What is required:
Transcribe all of the data exactly. Omit the pictures.

====== Provided material ======

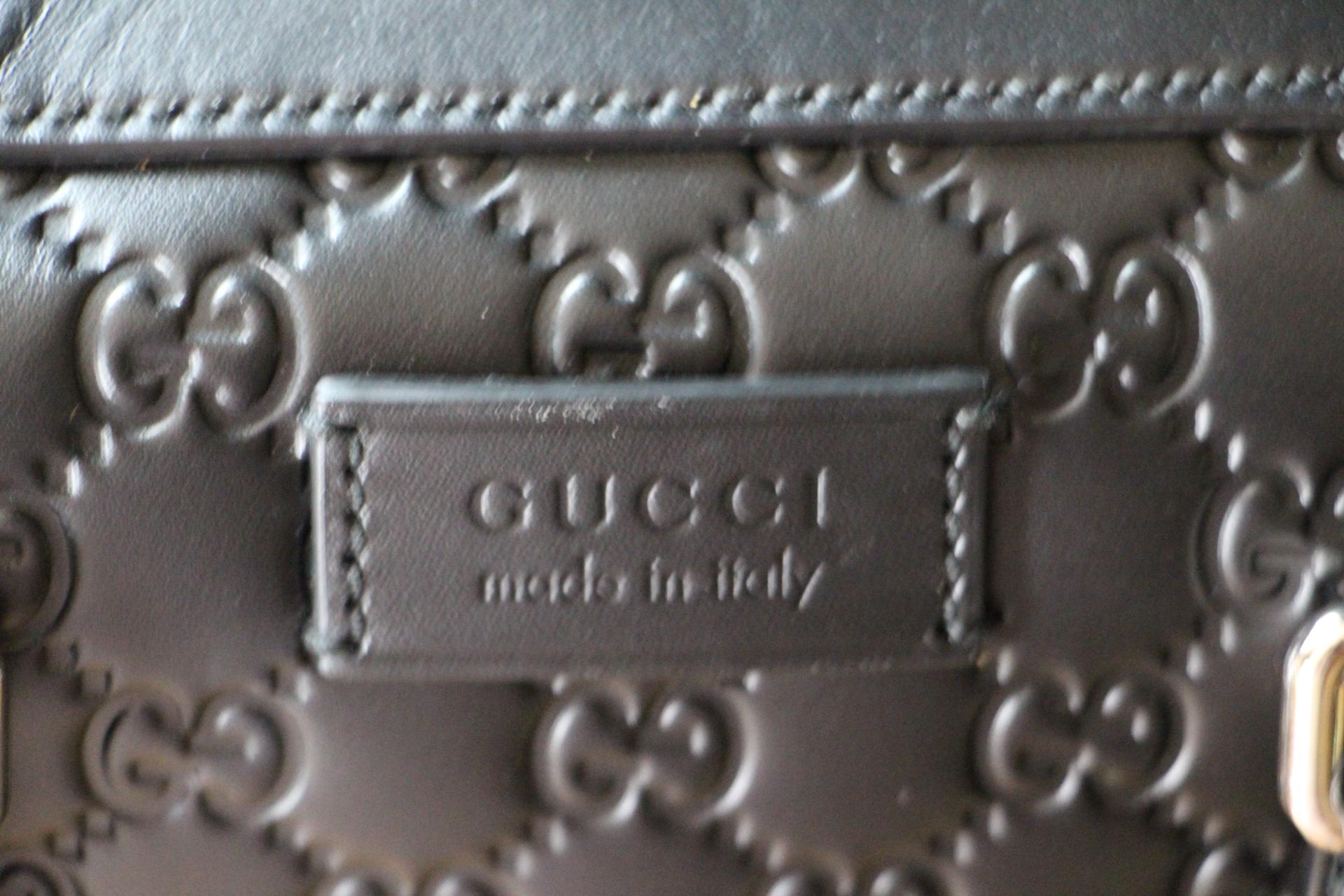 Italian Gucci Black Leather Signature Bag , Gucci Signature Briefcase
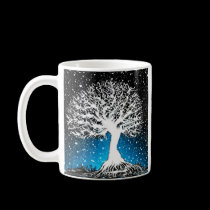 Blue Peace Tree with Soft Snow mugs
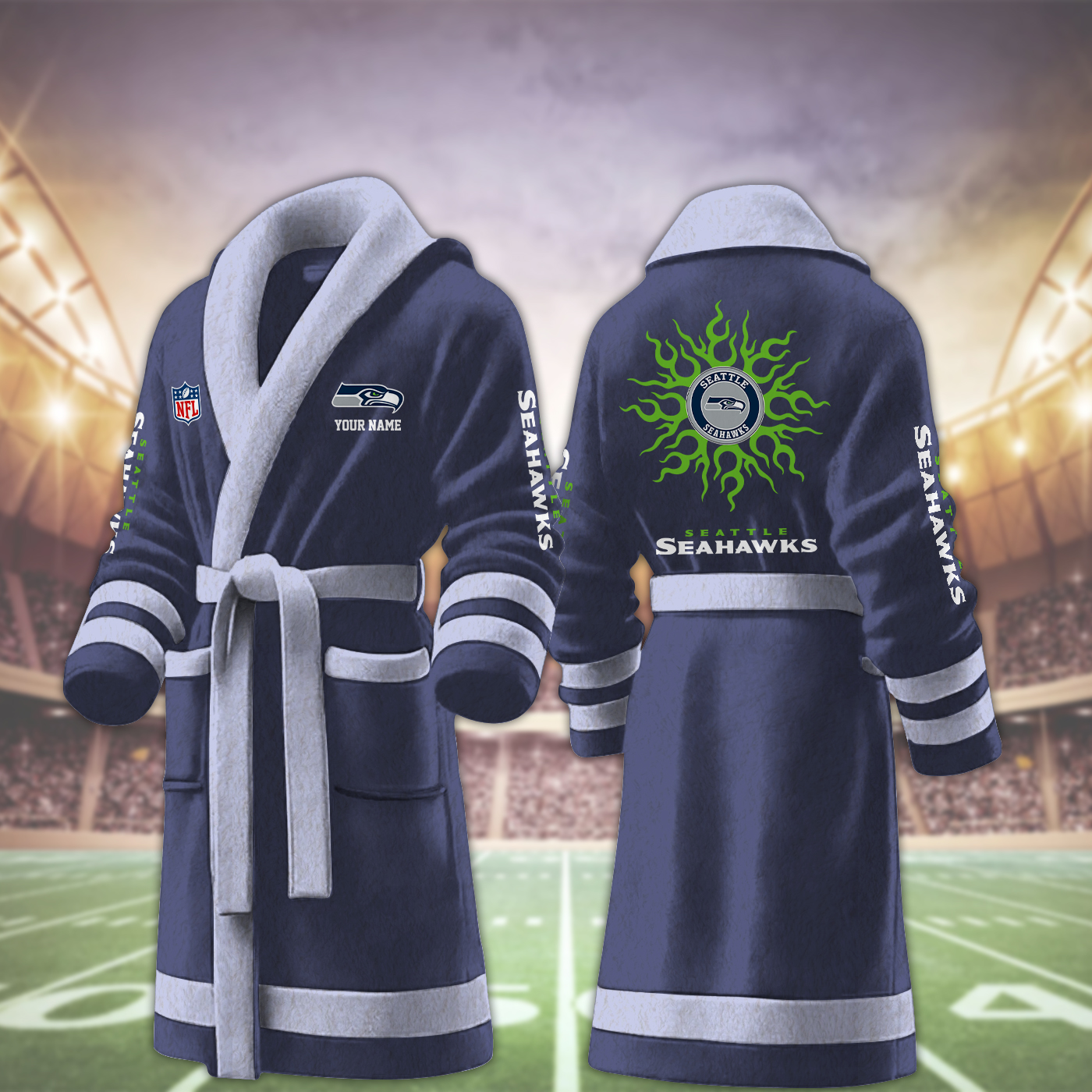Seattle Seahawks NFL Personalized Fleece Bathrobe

======

Task solution:
 Italian Gucci Black Leather Signature Bag , Gucci Signature Briefcase
 Blue Peace Tree with Soft Snow mugs
Seattle Seahawks NFL Personalized Fleece Bathrobe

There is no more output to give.